Nope, they blamed one of their own.  Yep, Steve Bartman.

It got so bad, that he had to go incognito.  There were death threats against him.  He feared for his life as he left the stadium.  He had to move out of his house.

All because he tried to catch a foul ball.

It’s really a sad incident in American sports history.   Cub fans should be ashamed of themselves.

ESPN did a fascinating story about the Steve Bartman affair.  It focused mostly on the use of scapegoats in world history.

In Ancient Times, the Jewish people would cast an actual goat into the desert as a sacrifice on their Day of Atonement.   Greeks would actually take a person (a criminal, a beggar or a cripple) and exile them from their communities when a natural disaster hit, as a kind of sacrifice to the Gods.

The scapegoat, in Western History, has evolved into someone who gets blamed for a chain of events that they had little if anything to do with.

I was thinking about scapegoating and Steve Bartman in the context of Elizabeth Lauten.

Elizabeth made some inopportune comments on Twitter about the President’s daughters  and was forced to resign her staff position in Congress because of them.

Lauten is no stranger to social media.  She has a huge following, much bigger than the average Congressman, let alone  a staff member.    Because of that huge following, when she says something, it gets noticed.

This is what she wrote:
Dear Sasha and Malia, I get you’re both in those awful teen years, but you’re part of the First Family, try showing a little class.  Rise to the occasion. Act like being in the White House matters to you. Dress like you deserve respect, not a spot at a bar.

Ok, not the most genteel of remarks.  And I get that we need to be extra careful when talking about the children of our Presidents.

But in all fairness, the President himself put his kids in the spotlight by inviting them to a public event where they were there to witness the pardoning of the Thanksgiving Turkey.

And I don’t remember the media being so careful with the Bush daughters, whose antics were regularly featured in the Washington Post.

Yes, Elizabeth’s comments were snarky.   But isn’t that what Twitter is all about?

And since when can’t we comment, in public, on the attire of folks who appear in public events at the White House, no matter who they are.

I remember several years ago when a bunch of female college student athletes showed up a White House event wearing flip-flops and that caused a huge mini-scandal.

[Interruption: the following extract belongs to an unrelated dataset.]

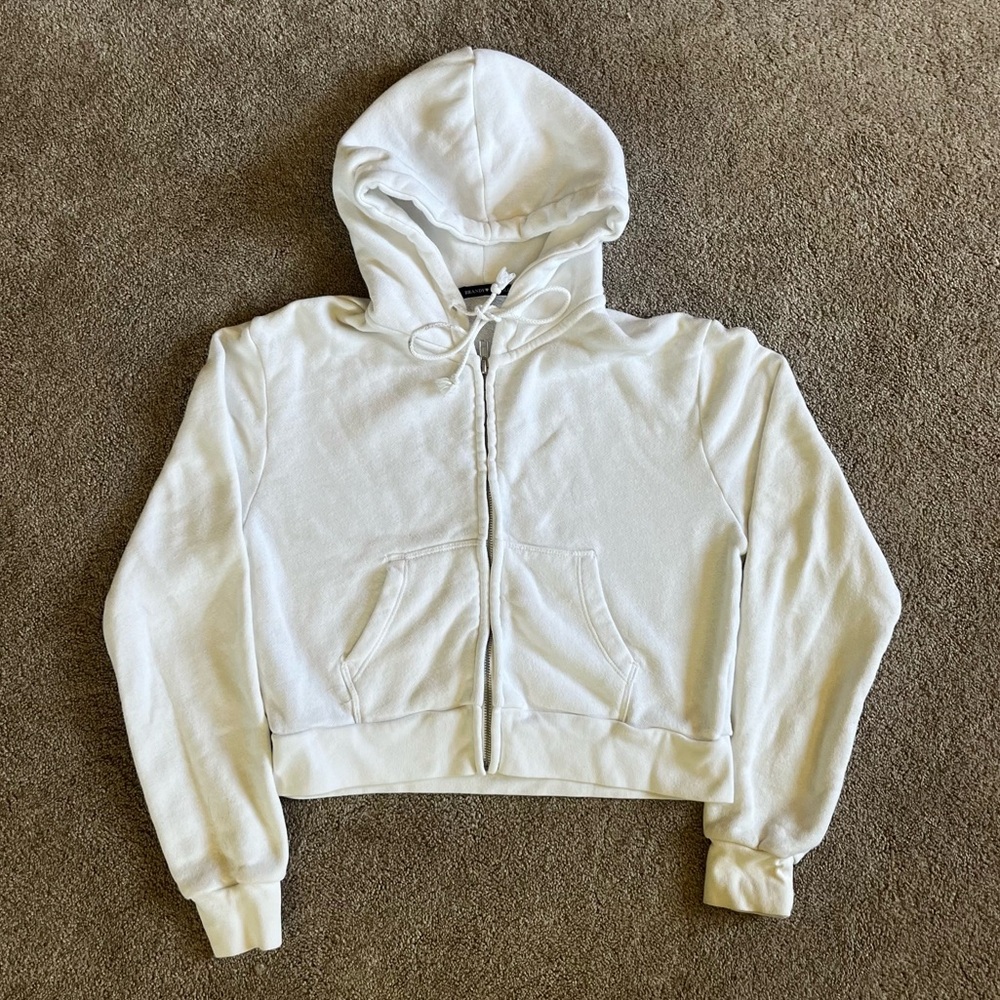 Plain white cropped hoodie🤍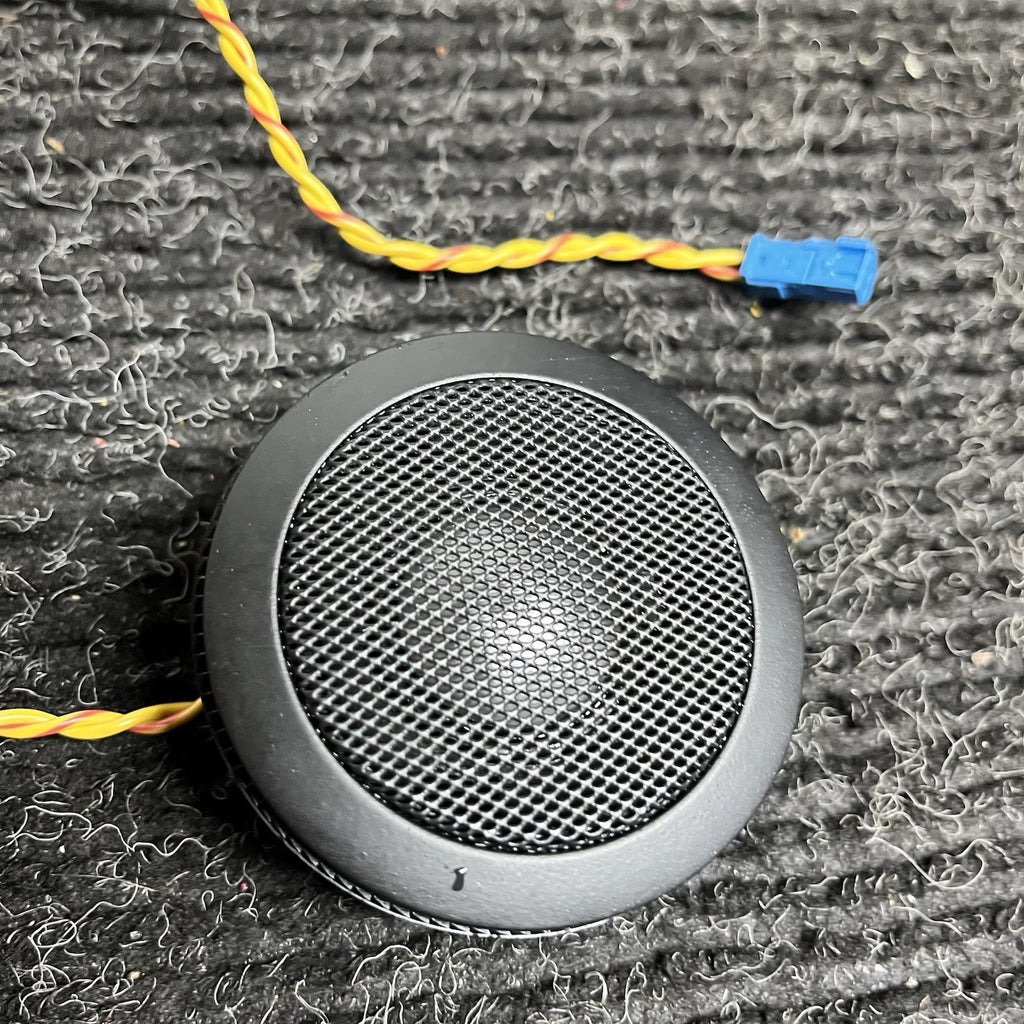☑️ OEM BMW E88 135 Audio Professional Sound Speakers Logic 7 L7 Harman Kardon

Lauten’s comments caused an amazing and scary backlash from the left and the left-leaving media.

Immediately, liberal opposition researchers discovered that she once was caught shop-lifting, as if a transgression that occurred 15 years ago somehow made her an even more despicable Twitter tweetee.

Elizabeth was of course, forced to resign her position as a staff member, and then forced to apologize over and over again, merely because she made a comment that the Obama girls weren’t sufficiently attired for a public event.

The Left is somehow trying to imply that Lauten’s comments are race-based.

It seems to me that they are scapegoating Lauten out of frustration over Ferguson.

They want to expel her from the community, send her out into the desert, not because of her relatively innocuous comments about the Obama girls, but because she was a good target for vitriol because said the wrong thing at the wrong time to the wrong audience.

And now, like Steve Bartman, she is facing social ostracism, death threats, and whole host of crazy communications from crazy people.

This whole media frenzy is sad and despicable, all at the same time.

I may not agree with Elizabeth Lauten’s comments about what the Obama girls were wearing at the public White House event (where they were on stage), but I will defend her right to tweet them.

Isn’t that why we have a First Amendment in the first place?